En las últimas décadas la Constitución ha sufrido múltiples modificaciones, al punto que algunas de sus partes carecen de coherencia interna. El fundamento de la organización del Estado ha sido la separación y equilibrio de poderes, la afirmación de los contrapesos, y todo esto ha sido manoseado y quebrado. Necesitamos reformas, por supuesto, pero esto nos lleva a la pregunta de quién reforma, quién tiene la capacidad y la legitimidad para hacerlo. El Congreso no puede hacerlo. No existe entre las últimas promociones de parlamentarios el mínimo de decencia ni conciencia a futuro de un proyecto de país como para dejar de lado intereses particulares y cortoplacistas. Enfrentados al conflicto de interés de redefenir las relaciones entre poderes del Estado, optarán por seguir destruyendo el poco equilibrio que queda. Se darán más poder. Solo un ente cuyo interés no esté en abusar del poder parlamentario podrá hacer reformas políticas. Lo mismo aplica para las reformas a los partidos políticos y el sistema electoral. Se podría pensar en un comité de expertos, pero su designación no estaría exenta de la política de trincheras. En cualquier caso, este comité carecería de un aspecto fundamental del proceso de establecimiento de un pacto social: la participación popular. Por ello, el llamado a reformular el pacto social tendría que ser un congreso, convención o asamblea constituyente.
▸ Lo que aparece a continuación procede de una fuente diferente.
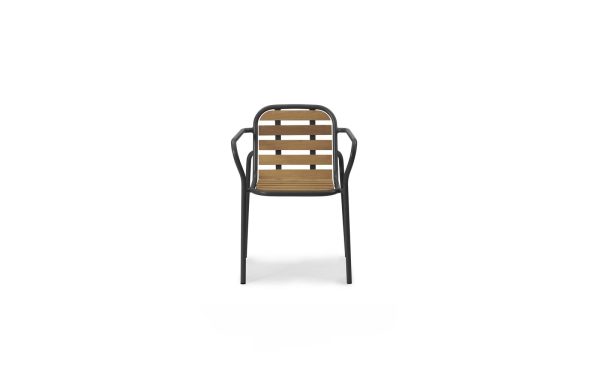 En moderne NORMANN COPENHAGEN - Vig Havestol med sort metalramme og trælameller til sæde og ryglæn, sat mod en almindelig hvid baggrund.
Riesgos hay, pero también límites. Existe un principio de progresividad en el ejercicio de derechos y un marco internacional que tenemos la obligación de respetar. No hacerlo supondría nuestro aislamiento y este es un riesgo no exclusivo de los debates constitucionales, sino que existe en estos momentos, bajo la coalición autoritaria que nos gobierna. “No puede someterse a referéndum la supresión o la disminución de los derechos fundamentales de la persona, ni las normas de carácter tributario y presupuestal, ni los tratados internacionales en vigor”, dice la propia Constitución de 1993 en su artículo 32°. Si se establecen las reglas adecuadas, habrá temas que quedarán fuera del debate (como, por ejemplo, la pena de muerte). Finalmente, el texto propuesto pasará por debate público y referéndum. Puede o no aprobarse, pero ya fue parte de un proceso participativo, dentro un canal institucional creado por el pensamiento liberal y republicano. No encuentro otro camino en el mediano y largo plazo para redefinir las reglas de convivencia entre peruanos y peruanas dada nuestra vasta heterogeneidad y diversidad. Lo demás, a mi juicio, es prolongar la agonía y esperar que unas cuantas cubetas de agua apaguen un incendio forestal.